Se você acompanha o que se produz e distribui na internet, e o debate sobre isso, o filme é um prato cheio de sementes de idéias. Pena que o debate com o diretor, no Museu da Imagem e Som, estivesse tão cheio de estudantes tietes pedindo autógrafo e querendo que ele fizesse no palco a lição de casa deles. Podia ter sido bem produtivo. (Enchi o saco meio rápido e saí pra tomar um cafezinho.)
A história gira em torno de uma locadora de filmes dos anos 80 em VHS numa cidade pobre de New Jersey. Essa locadora fica numa casa condenada, onde o dono da lojinha (Danny Glover) diz ter nascido um grande pianista de jazz. Ameaçado de fechar, ele inventa umas férias e deixa seu filho (Mos Def) cuidando da loja. Ocorre que o filho tem um amigo completamente desastrado (Jack Black), que ganha temporariamente poderes magnéticos e simplesmente apaga todas as fitas da locadora.

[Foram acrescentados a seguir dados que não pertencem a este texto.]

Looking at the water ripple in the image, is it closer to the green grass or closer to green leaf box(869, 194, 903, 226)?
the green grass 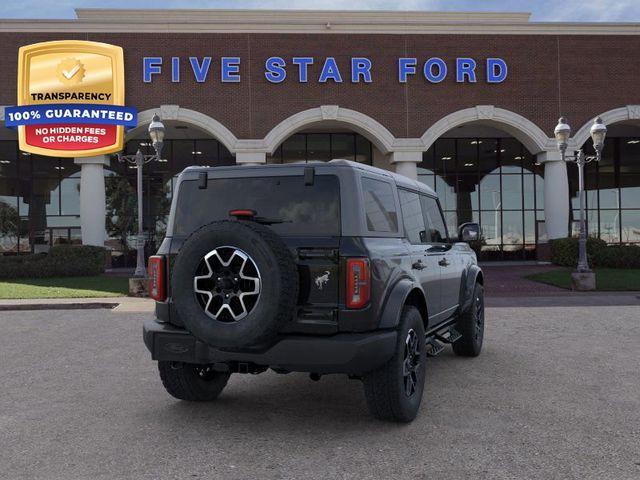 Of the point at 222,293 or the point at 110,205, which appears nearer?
the point at 222,293

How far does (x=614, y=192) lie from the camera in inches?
1293

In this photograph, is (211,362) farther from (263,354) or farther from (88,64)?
(88,64)

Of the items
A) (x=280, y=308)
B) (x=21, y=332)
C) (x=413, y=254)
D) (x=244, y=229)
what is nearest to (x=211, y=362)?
(x=280, y=308)

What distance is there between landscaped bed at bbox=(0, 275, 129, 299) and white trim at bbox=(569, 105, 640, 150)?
63.0 feet

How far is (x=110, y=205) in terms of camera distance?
30.1 m

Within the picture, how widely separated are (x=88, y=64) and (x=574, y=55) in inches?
810

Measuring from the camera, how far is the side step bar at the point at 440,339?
5.78m

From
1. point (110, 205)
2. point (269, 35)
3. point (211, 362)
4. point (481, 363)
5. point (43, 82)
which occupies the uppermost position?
point (269, 35)

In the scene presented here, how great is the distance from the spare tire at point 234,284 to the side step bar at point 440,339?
2088 millimetres

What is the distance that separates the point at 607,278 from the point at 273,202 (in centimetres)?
1710

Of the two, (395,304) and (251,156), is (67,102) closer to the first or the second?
(251,156)

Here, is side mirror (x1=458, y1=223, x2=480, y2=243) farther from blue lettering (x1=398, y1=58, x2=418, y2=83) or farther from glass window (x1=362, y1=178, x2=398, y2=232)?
blue lettering (x1=398, y1=58, x2=418, y2=83)

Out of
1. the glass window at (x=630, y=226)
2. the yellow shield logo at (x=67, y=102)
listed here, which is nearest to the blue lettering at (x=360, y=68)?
the yellow shield logo at (x=67, y=102)

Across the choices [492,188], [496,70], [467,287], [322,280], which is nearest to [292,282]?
[322,280] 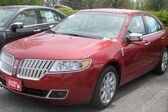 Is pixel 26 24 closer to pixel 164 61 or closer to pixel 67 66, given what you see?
pixel 164 61

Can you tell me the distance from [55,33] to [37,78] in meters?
1.67

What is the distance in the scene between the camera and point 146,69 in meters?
7.30

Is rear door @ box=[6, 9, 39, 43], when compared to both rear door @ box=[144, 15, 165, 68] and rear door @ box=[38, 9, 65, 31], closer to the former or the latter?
rear door @ box=[38, 9, 65, 31]

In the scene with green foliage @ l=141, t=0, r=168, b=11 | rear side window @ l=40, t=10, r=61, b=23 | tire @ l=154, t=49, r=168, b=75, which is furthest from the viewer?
green foliage @ l=141, t=0, r=168, b=11

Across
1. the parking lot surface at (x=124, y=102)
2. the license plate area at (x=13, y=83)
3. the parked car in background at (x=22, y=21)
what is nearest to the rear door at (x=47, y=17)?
the parked car in background at (x=22, y=21)

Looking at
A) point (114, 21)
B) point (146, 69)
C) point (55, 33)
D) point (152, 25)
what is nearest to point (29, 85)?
point (55, 33)

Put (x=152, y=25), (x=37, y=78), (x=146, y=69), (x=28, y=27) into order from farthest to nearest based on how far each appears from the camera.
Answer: (x=28, y=27)
(x=152, y=25)
(x=146, y=69)
(x=37, y=78)

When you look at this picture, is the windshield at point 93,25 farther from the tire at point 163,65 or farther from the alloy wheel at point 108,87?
the tire at point 163,65

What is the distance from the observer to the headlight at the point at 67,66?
512 cm

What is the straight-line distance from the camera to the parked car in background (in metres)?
8.32

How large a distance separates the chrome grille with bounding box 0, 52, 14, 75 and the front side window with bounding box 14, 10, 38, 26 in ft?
10.0

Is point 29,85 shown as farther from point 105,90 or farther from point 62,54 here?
point 105,90

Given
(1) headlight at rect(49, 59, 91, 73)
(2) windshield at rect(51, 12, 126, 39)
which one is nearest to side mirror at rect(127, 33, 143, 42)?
(2) windshield at rect(51, 12, 126, 39)

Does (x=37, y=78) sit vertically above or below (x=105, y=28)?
below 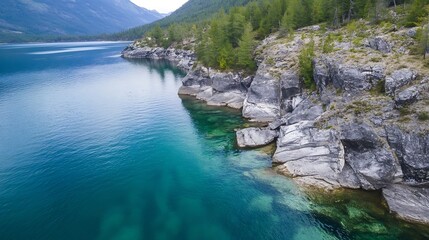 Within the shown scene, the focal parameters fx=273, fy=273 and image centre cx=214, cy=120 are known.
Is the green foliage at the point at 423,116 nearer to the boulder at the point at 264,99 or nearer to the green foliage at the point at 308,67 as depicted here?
the green foliage at the point at 308,67

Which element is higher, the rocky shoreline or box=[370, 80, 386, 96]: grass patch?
box=[370, 80, 386, 96]: grass patch

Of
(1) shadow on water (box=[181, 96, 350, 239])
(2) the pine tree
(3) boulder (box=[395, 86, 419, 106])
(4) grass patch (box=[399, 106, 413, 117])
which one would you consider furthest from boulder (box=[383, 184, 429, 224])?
(2) the pine tree

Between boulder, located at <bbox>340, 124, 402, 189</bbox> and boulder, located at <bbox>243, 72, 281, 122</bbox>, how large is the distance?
26.5m

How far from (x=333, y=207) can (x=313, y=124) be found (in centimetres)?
1608

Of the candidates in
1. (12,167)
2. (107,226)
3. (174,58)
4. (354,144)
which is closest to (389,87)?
(354,144)

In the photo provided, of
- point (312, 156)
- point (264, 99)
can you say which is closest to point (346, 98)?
point (312, 156)

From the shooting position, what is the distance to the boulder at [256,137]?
5772 cm

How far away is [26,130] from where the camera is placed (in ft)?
228

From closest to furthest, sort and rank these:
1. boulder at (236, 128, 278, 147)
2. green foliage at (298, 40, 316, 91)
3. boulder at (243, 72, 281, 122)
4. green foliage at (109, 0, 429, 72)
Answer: boulder at (236, 128, 278, 147) → green foliage at (298, 40, 316, 91) → green foliage at (109, 0, 429, 72) → boulder at (243, 72, 281, 122)

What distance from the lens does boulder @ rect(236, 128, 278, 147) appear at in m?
57.7

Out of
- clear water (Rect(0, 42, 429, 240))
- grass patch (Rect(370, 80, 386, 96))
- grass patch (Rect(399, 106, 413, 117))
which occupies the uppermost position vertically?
grass patch (Rect(370, 80, 386, 96))

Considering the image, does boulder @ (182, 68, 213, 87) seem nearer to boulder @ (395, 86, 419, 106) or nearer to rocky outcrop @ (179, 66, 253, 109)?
rocky outcrop @ (179, 66, 253, 109)

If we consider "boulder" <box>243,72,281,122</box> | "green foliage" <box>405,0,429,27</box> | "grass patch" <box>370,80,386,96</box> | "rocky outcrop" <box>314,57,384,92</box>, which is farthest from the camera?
"boulder" <box>243,72,281,122</box>

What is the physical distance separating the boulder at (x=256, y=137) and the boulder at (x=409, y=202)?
23.5m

Para ter o que entregar aos clientes sem dar na vista, eles começam a fazer suas próprias refilmagens amadoras dos filmes pedidos. Ficam assim:
As refilmagens ("suecadas", na definição do personagem de Jack Black) fazem sucesso e atraem multidões, que também passam a participar dos seus filmes. Isso gera conflitos com quem administra o copyright, que busca cobrar indenização dos autores das fitas "suecadas" por conta da propriedade dos filmes originais.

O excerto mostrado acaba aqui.